- **Task to carry out**
Find "作戦ノート・野球ボール柄10冊セット【A6サイズ・50ページ程度" in the material below, then write out that line and every line after it exactly, ending with the last one; skip the pictures.

- **Recorded information**
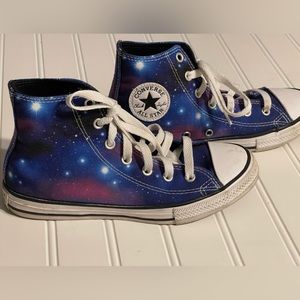 Converse hightop galaxy shoes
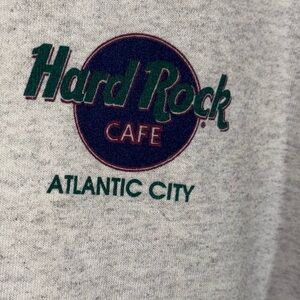 Hard Rock Cafe Vintage Sweatshirt Atlantic City Rock-N-Roll Screen Print Size L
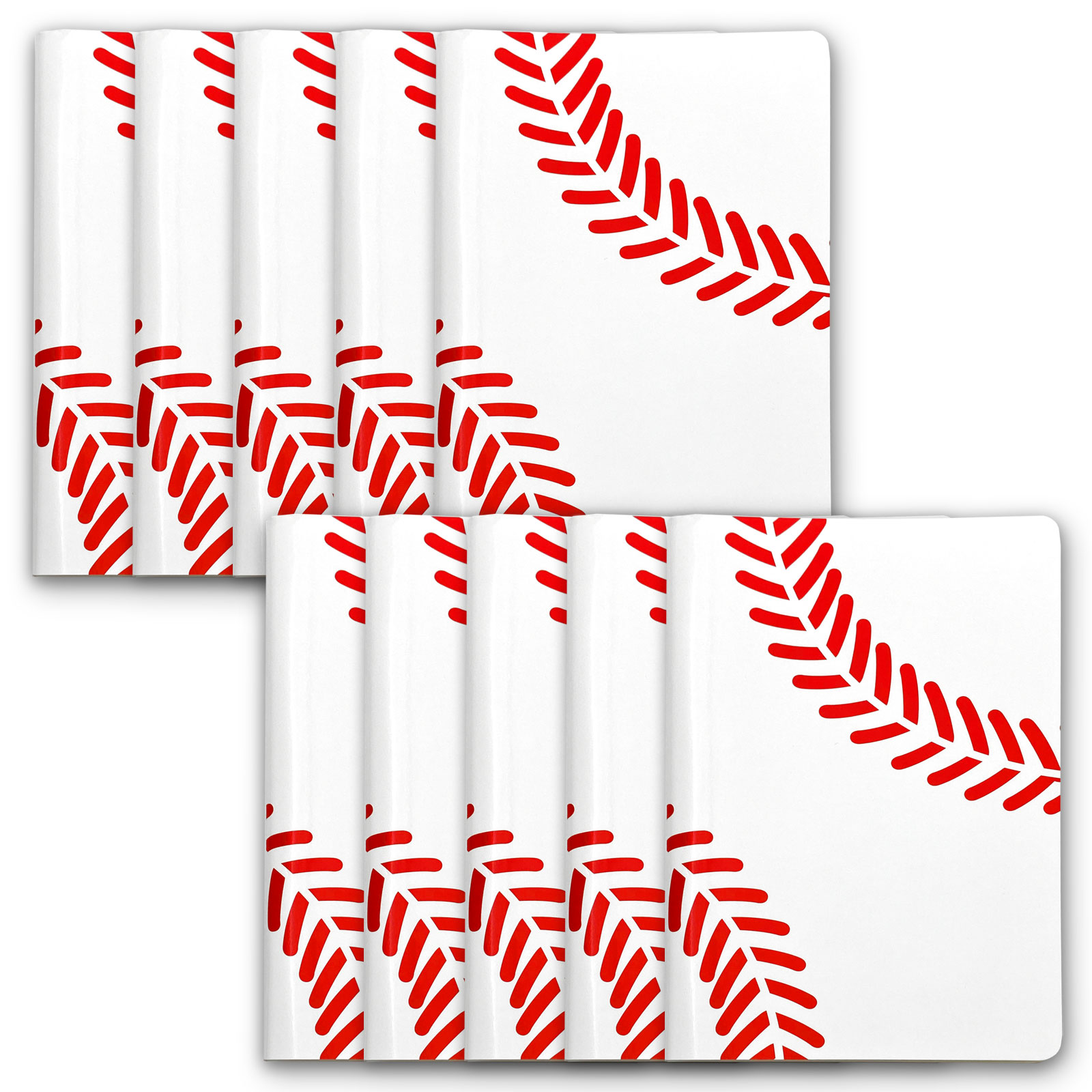 作戦ノート・野球ボール柄10冊セット【A6サイズ・50ページ程度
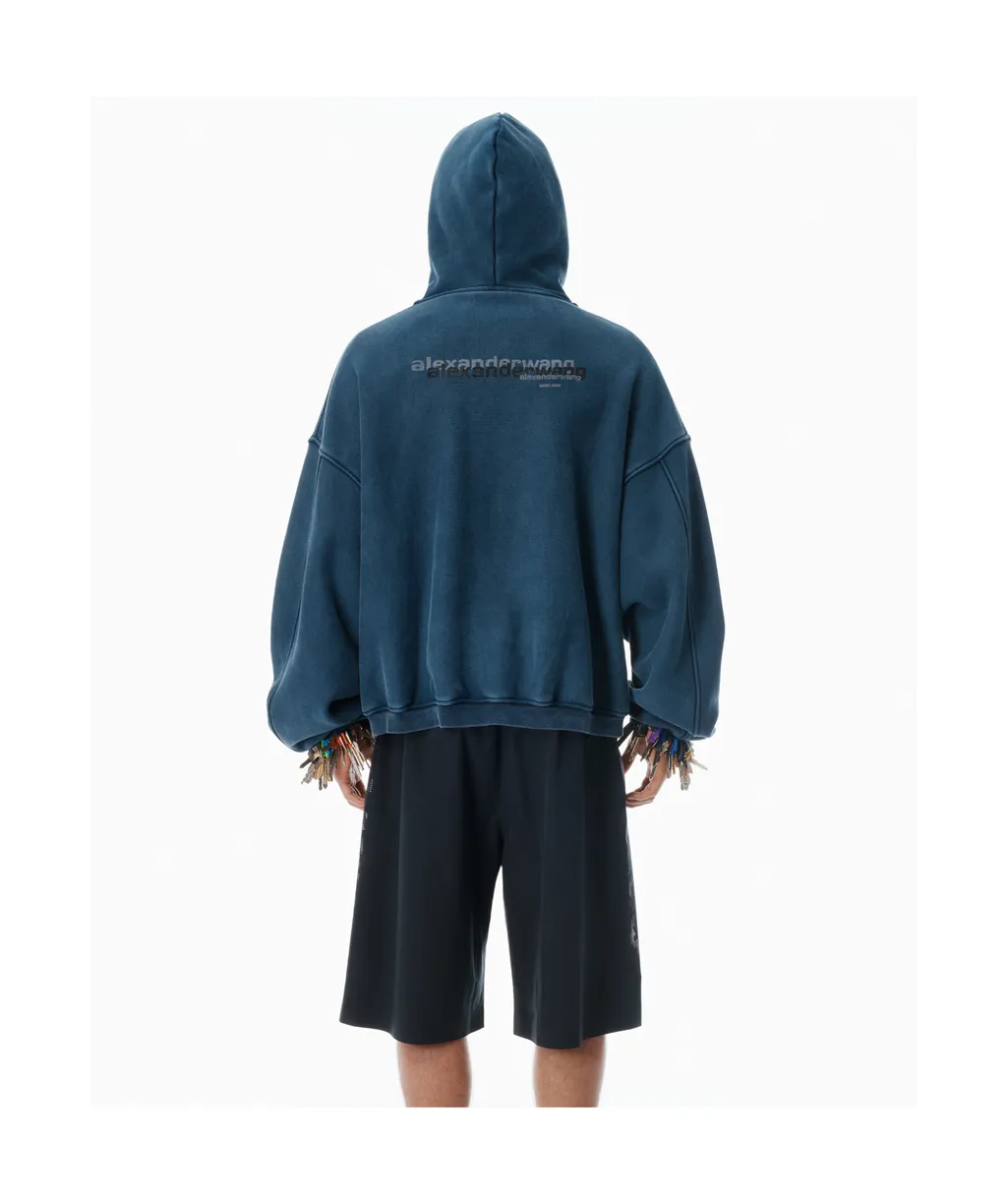 Logo-Printed Zipped Hoodie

- **Task output**
 作戦ノート・野球ボール柄10冊セット【A6サイズ・50ページ程度
 Logo-Printed Zipped Hoodie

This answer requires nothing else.